### Data block
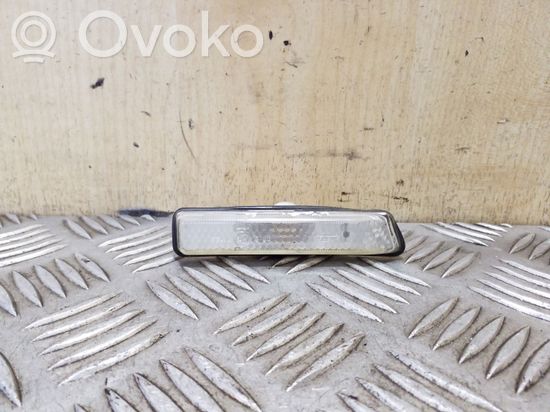 BMW X5 E53 Front fender indicator light 7164491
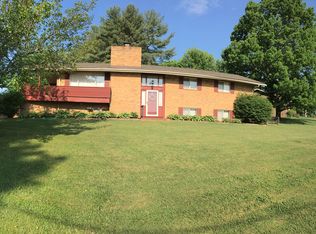 201 Skyview Dr, Greeneville, TN 37745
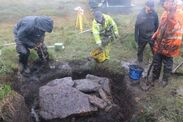 archaeology breakthrough 4000 year old burial chamber devon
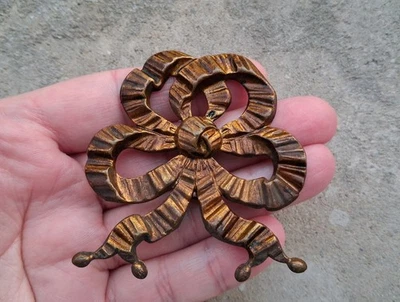 Ancienne décoration / cache clous NOEUD, en laiton doré  N°117D - Photo 1/4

### Exercise
Leave every picture out, and reproduce exactly the lines from the line bearing "201 Skyview Dr, Greeneville, TN 37745" through the closing line of the material above.

### Task result
 201 Skyview Dr, Greeneville, TN 37745
 archaeology breakthrough 4000 year old burial chamber devon
 Ancienne décoration / cache clous NOEUD, en laiton doré  N°117D - Photo 1/4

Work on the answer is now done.